At its core, Haley’s speech represents everything that has been wrong with U.S. policy in Syria. Both the U.S. and the U.K. are eager to criticize from the sidelines, but lack any unified policy of their own. The West has completely failed to connect with the Russians and continues to publicly play on ideals rather than come up with policy. Facts—like the basic fact that the UN has not yet investigated who was behind the gas attack—have been completely ignored in favor of overtures like Haley’s speech.
The U.S.’s reluctance to do more in Syria than deliver air strikes is understandable. After over a decade, the U.S. liberation left Afghanistan a borderline failed state; Iraq is still in full-blown conflict—one that arguably gave birth to ISIL. Attempts to train Syrian rebel forces have been an embarrassment: in 2015, a $500 million-dollar program, designed to produce 5,000 rebel fighters, produced only five after multiple defections and desertions, including to the al-Qaeda affiliate rebel group Jabhat al-Nusra.

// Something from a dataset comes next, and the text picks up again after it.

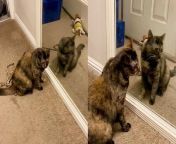 &#39;The world would&#39;ve been a boring place if cats weren&#39;t curious.&#60;br/&#62;&#60;br/&#62;In this humorous video, Melissa St. Hilaire records her pet cat, LuLuMomo trying to interact with her reflection in the mirror. &#60;br/&#62;&#60;br/&#62;&#92;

The U.S. military airstrikes have been complimentary to another, often seemingly central theater of war—that of public relations, in which Russia has taken center stage as the “bad guy.” Moscow’s actions in Syria have been portrayed as a distraction from the quagmire of the Ukraine crisis, an imperialist pursuit of a power deaf to human rights concerns, or a revanchist project to remind the world of Russia’s military power.
It seems that instead of working to establish a unified policy on Syria, the U.S. has focused on demonizing Russia. In doing so, Washington has missed a crucial fact of Russian policy towards Syria: privately, Russian advisers have long understood that Assad would eventually have to step down. In 2012, according to a Guardian report, the Russian ambassador Vitaly Churkin reportedly suggested to the U.S., France and the U.K. that Assad should cede power after peace talks began, a plan dismissed by the three states.
Russia’s goal in Syria is not to fight a proxy war with the U.S. (a war that Russia cannot afford to enter) or to reassert its dominance in the simplistic way allusions to the Cold War suggest. For Russia, with its high Muslim population, eternal Chechnya problem, and borders with the Muslim-dominant Central Asian states, a radicalized Syria is a more pressing concern than it is for the United States.
A foreign policy that is driven by “red lines” looks fantastic on paper but is useless in real life. Red lines can and have been blurred. Rhetoric about the monstrous nature of Assad and Russia’s complicity do very little to change the status quo; it only shuts down communication.
Russia needs the West and the West needs Russia if the Syrian conflict is to end. Russia is not an irrational or deranged player, no matter how much the West paints it as such. Putin is, above all, a pragmatist and no great lover of Assad. Cooperation and communication to end a conflict must be the first and only priority. Criticism of Russia’s actions is necessary, but so is an alternative to the current state of affairs. That has not occurred, partially because the West cannot decide to what level it is ready to commit, partially because it refuses to engage with Russia in any meaningful way. Even President Trump’s assertive missile strike seemed reactive rather than part of a long-term policy. It boosted his popularity, however.
Let’s hope the international community starts prioritizing a serious effort to help Syria rather than fixating on winning the information war.
The west collectively lacks clarity of objective in the Middle East. The policy has broadly been labeled the Global War on Terror, implying the desired endstate is the demise of non-centralised trans-national and international terrorist and insurgent factions and their scaled echelons. The approach to this goal has been a mix of conventional and non-conventional kinetic, economic interdiction, and political shaping operations. This wide range of methods has reaped an equally wide range of success and failure, which is not surprising when you look at the progress of other wars against nouns (i.e. War on Drugs). The Russian policy, on the other hand, has seemingly focussed on the protection of interests. The most tangible being the goal of defending the Naval port at Tartous, which has been leased by the Soviet / Russian Navy from the Syrian Government since 1971. This should not have come as a surprise given the military power applied to securing the Crimean port of Sevastopol during the initial phases of the annexation of Crimea in 2014. Until the west formulates a clear, coherent goal, it is unlikely the U.S. will be able to do much more than shape the information space. Russia, meanwhile, will be able to maintain legitimacy and moral ascendency through the application of military power to tangible and demonstrable goals.